4.2 Authorities which are concerned with unfairness as and between members of the same class are, at least in most cases, of little assistance in assessing what should be considered fair or unfair where a scheme of arrangement deals separately with members of different classes of creditors. Given that the backdrop to an examinership is that a company is insolvent, it seems to me that very significant weight indeed needs to be attached to what would be likely to be the outcome of the alternative to examinership, whether it be liquidation, receivership or a simple withering of the company without any formal insolvency process. While it is clear from Re Antigen Holdings  4 I.R. 600, that the court retains a discretion to approve a scheme of arrangement even though it may be that a party might do better under (say) liquidation than under the proposed scheme, it nonetheless remains the case that, as I pointed out at para. 6.10 of Re Traffic Group Ltd  IEHC 445, a disproportionate disparity between the position of a creditor on winding up and under the scheme proposed compared with the position of other creditors under both alternatives might be a factor to be properly taken into account in ruling against confirmation of the scheme.
4.3 In that context, it needs to be acknowledged that one of the difficulties often encountered in formulating a scheme of arrangement is that the scheme requires that there be some form of compromise or arrangement between the creditors. As is clear from the authorities referred to in respect of s. 201 of the Companies Act 1963, in order for a scheme to be properly speaking a scheme of arrangement it is necessary that there be some element of bargain between the parties. All creditors must, therefore, ordinarily get something. In many cases it will be clear that the unsecured creditors would get nothing on either a liquidation or a receivership. Where such creditors get something, it follows that they will be better off under the scheme of arrangement rather than under the alternatives. In such circumstances it seems to me that there would need to be a good reason why some other class of creditors should be worse off under the proposed scheme of arrangement than under the alternatives for a scheme not to be unfairly prejudicial to that other class of creditors. It is impossible to be prescriptive about the wide variety of circumstances that can arise in respect of companies whose position needs to be considered. One should not, therefore, rule out that there may be legitimate reasons why a scheme might not be regarded as unfairly prejudicial to a class of creditors even though that class might, at least on one view, be worse off under the scheme than under any potential alternative. However, it does seem to me that a party who will, to a material extent, be worse off under the scheme than under any alternative has at least available to it an argument of significant weight in relation to the question of unfair prejudice. When considered in conjunction with the provisions of s. 11 of the 1990 Act, to which I have already referred (which, it will be recalled, entitle a secured creditor to obtain the value of the security in the event that the secured asset is sold in the course of the examinership), it seems to me that it would require exceptional circumstances before a court could approve a scheme of arrangement where secured creditors could be shown to be worse off under the scheme than under the alternative methods by which the value of the secured creditors’ security could be realised.

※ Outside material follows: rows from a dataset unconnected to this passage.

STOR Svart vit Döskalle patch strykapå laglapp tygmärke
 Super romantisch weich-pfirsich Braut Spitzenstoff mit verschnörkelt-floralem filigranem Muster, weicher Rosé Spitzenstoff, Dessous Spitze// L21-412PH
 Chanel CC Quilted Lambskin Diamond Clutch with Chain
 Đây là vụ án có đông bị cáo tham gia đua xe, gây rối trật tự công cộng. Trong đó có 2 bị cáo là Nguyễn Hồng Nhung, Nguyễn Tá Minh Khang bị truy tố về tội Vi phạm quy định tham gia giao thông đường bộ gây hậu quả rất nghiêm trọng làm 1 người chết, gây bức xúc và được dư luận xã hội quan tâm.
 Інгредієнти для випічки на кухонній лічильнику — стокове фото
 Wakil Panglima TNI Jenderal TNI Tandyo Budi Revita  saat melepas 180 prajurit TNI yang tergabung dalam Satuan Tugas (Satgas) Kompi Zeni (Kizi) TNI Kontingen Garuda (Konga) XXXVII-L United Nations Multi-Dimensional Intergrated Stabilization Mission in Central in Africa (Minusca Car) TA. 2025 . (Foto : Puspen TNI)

4.4 Indeed, this aspect of the issues between the parties may be more theoretical than real, for I did not understand either the examiner or McInerney to argue that it would, at least on the facts of this case, be appropriate for the court to approve the scheme of arrangement if the court was satisfied that the Banking Syndicate would do materially worse under the scheme of arrangement than it was likely to do under any other alternative. I, therefore, propose applying the test of comparing the respective entitlements of the Banking Syndicate under the scheme on the one hand and under any likely alternative on the other hand. In practice that alternative is, in this case, a form of receivership model to which it will be necessary to refer in due course.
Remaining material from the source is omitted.